::: EXERCISE INPUTS :::

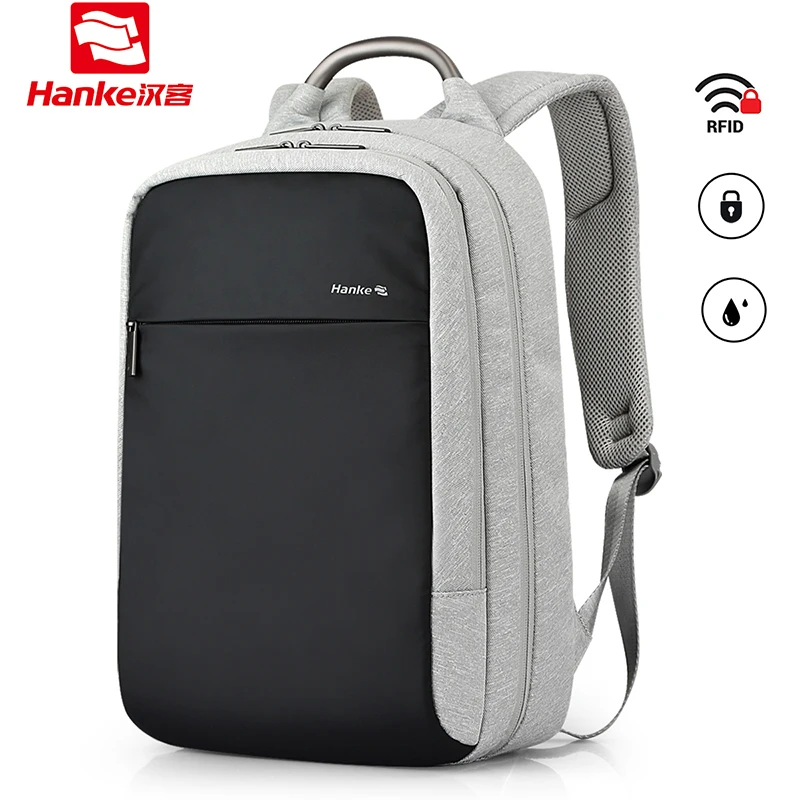 Hanke Anti theft Expandable Laptop Men Backpack Male Schoolbag Female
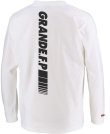 画像3: グランデ・エフ・ピー、GRANDE.F.Pハイパーロゴバックプリント.ロングスリーブTシャツ　ホワイトｘブラック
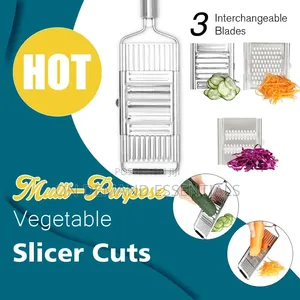 3 in 1 Vegetable Slicer Multi-Purpose Grater Cutter Peeler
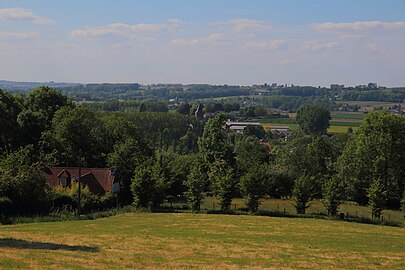 Gezicht op Schorisse vanaf Foreest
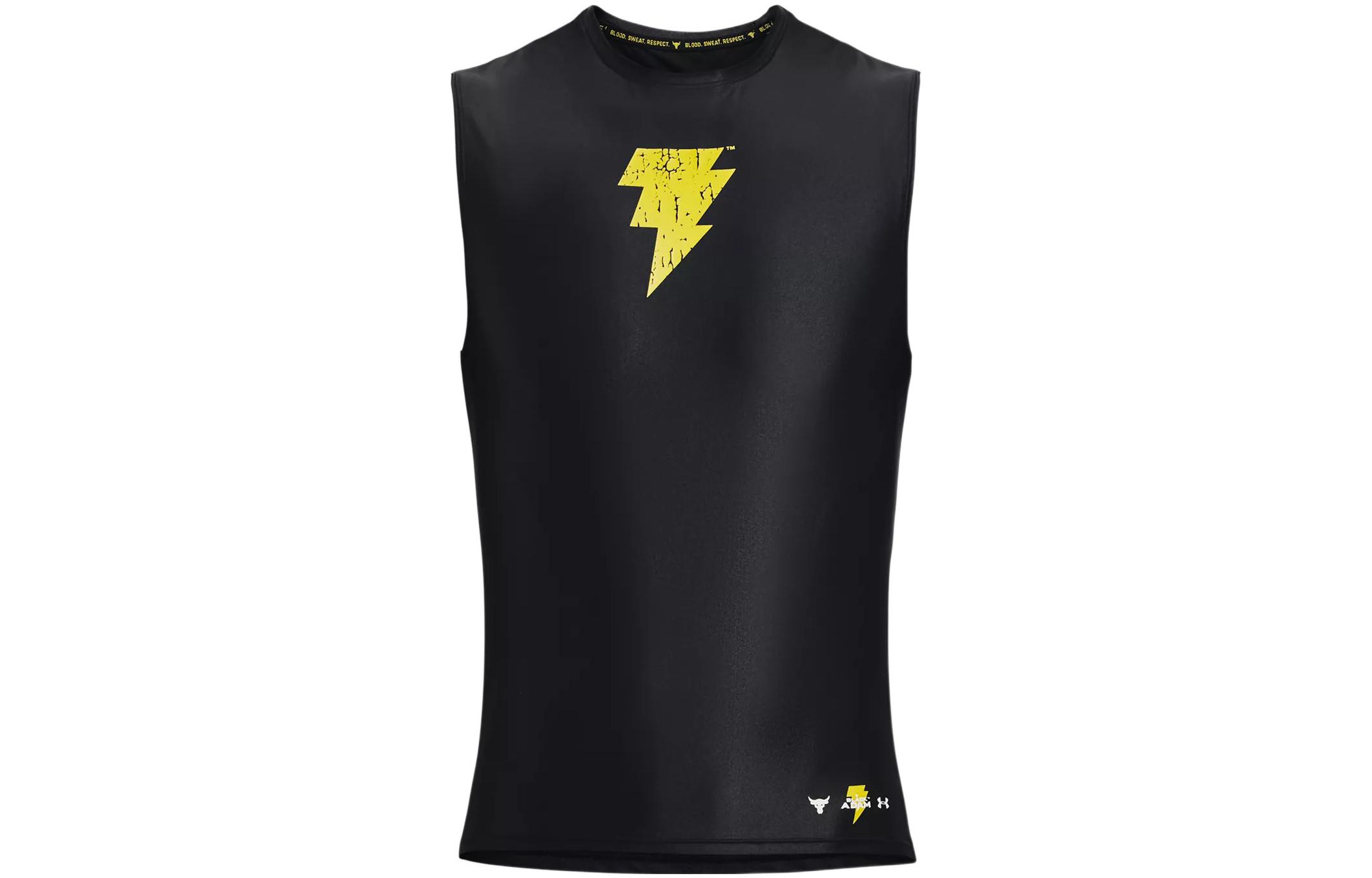 Under Armour Men s Project Rock HeatGear® Iso-Chill Adam Tank Black 1377746-001 M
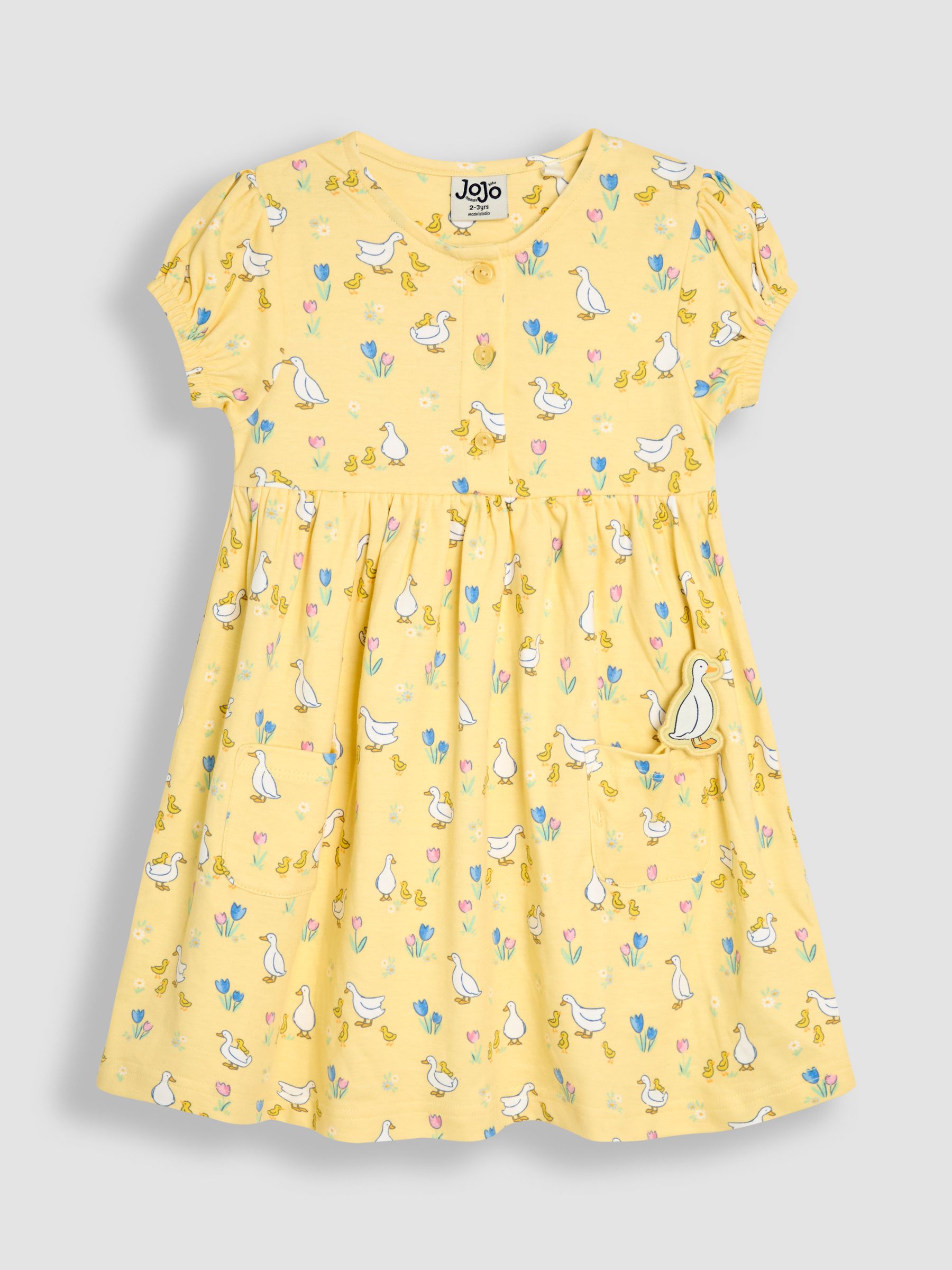 Yellow Duck Button Front Dress - Image 2 of 4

:::

WHAT THIS TASK INVOLVES »
The answer is the listing above restated word for word, pictures removed.

SOLUTION FOR THIS TASK »
 Hanke Anti theft Expandable Laptop Men Backpack Male Schoolbag Female
 画像3: グランデ・エフ・ピー、GRANDE.F.Pハイパーロゴバックプリント.ロングスリーブTシャツ　ホワイトｘブラック
 3 in 1 Vegetable Slicer Multi-Purpose Grater Cutter Peeler
 Gezicht op Schorisse vanaf Foreest
 Under Armour Men s Project Rock HeatGear® Iso-Chill Adam Tank Black 1377746-001 M
 Yellow Duck Button Front Dress - Image 2 of 4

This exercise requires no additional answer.